Chissà con chi, fu il primo pensiero.
Curiosità e forse rammarico perché magari, fin da prima della guerra, avevano individuato in paese la futura nuora.
Arrivati a Cortina, il pievano don Frenademez aveva insistito per benedirli anche se regolarmente sposati in chiesa davanti al pope. Poi erano nati i quattro figli: Silvia 1922, Angelo 1923, Faustino 1926 e Flora Maria 1927 che, un tempo, ricordavano d'essere stati indicati a dito a scuola come i "figli della russa". Anastasia s'inserì bene nella società ampezzana, nonostante qualche iniziale difficoltà. Parlava con naturalezza il dialetto ladino; più difficile era stato invece scrivere l'italiano. Nessun problema per i lavori di casa e della campagna di cui allora viveva la gente d'Ampezzo.

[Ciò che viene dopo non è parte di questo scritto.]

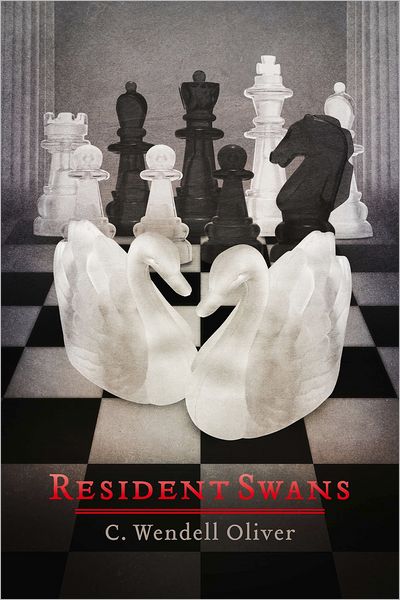 Resident Swans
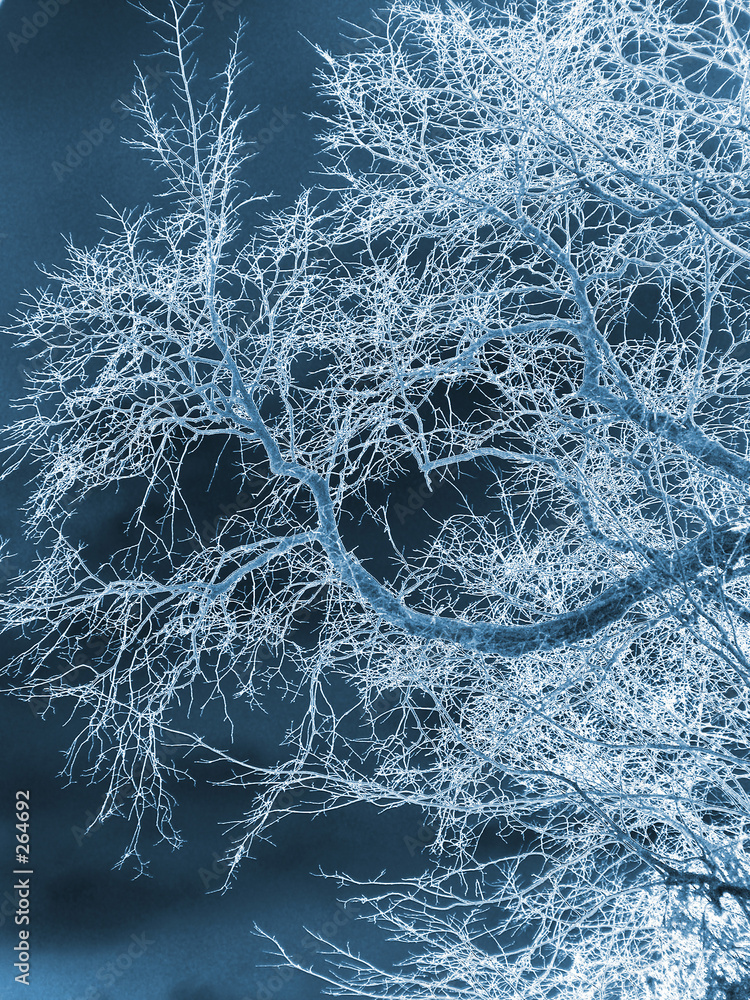 tree frost cold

Ma lei, che era nata e cresciuta in un mondo agricolo, conosceva gli animali, in particolare i cavalli che sapeva pure cavalcare. Capì che avrebbero gridato allo scandalo se avesse osato saltare in sella; ma quando ne incontrava uno, anche se era un vecchio ronzino agganciato al carro, le piaceva accarezzarlo sul muso e parlargli. Parole misteriose sussurrate nel ricordo della steppa innevata dove non sarebbe mai più ritornata? Alla partenza dal porto del Mar Nero lei e il marito avevano dovuto lasciare tutto ciò che avevano messo da parte. Ed era molto! Raccontavano in famiglia: «In Italia arrivarono con i soli vestiti che indossavano.

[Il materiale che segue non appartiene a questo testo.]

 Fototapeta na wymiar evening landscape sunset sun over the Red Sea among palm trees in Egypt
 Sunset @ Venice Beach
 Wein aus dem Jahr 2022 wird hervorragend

Ma la nonna aveva una cosa in più.
Una piccola croce d'oro che aveva occultato nella treccia dei capelli e che sfuggì ai doganieri.
Non la sfilava mai dalla catenina, anche quando la portava alle labbra per baciarla.
Quanto dolore il giorno che la perse, mentre raccoglieva il fieno sui prati delle Cinque Torri! L'ultima testimonianza del suo paese!» Poi riferivano anche di cartoline e lettere che Anastasia scambiava con un qualche parente in Russia. Così lo ripetono oggi i nipoti. Sarebbe forse il caso di salire lassù a ritrovarli e riannodare i fili della memoria seppure ad un secolo di distanza? Nel nuovo clima culturale instaurato con la Russia, l'idea potrebbe rivelarsi geniale. Per mantenere accesa la fiamma della memoria su tutti i giovani ampezzani che hanno vissuto quella guerra di cui commemoriamo i primi cento anni, e molti di loro non sono ritornati.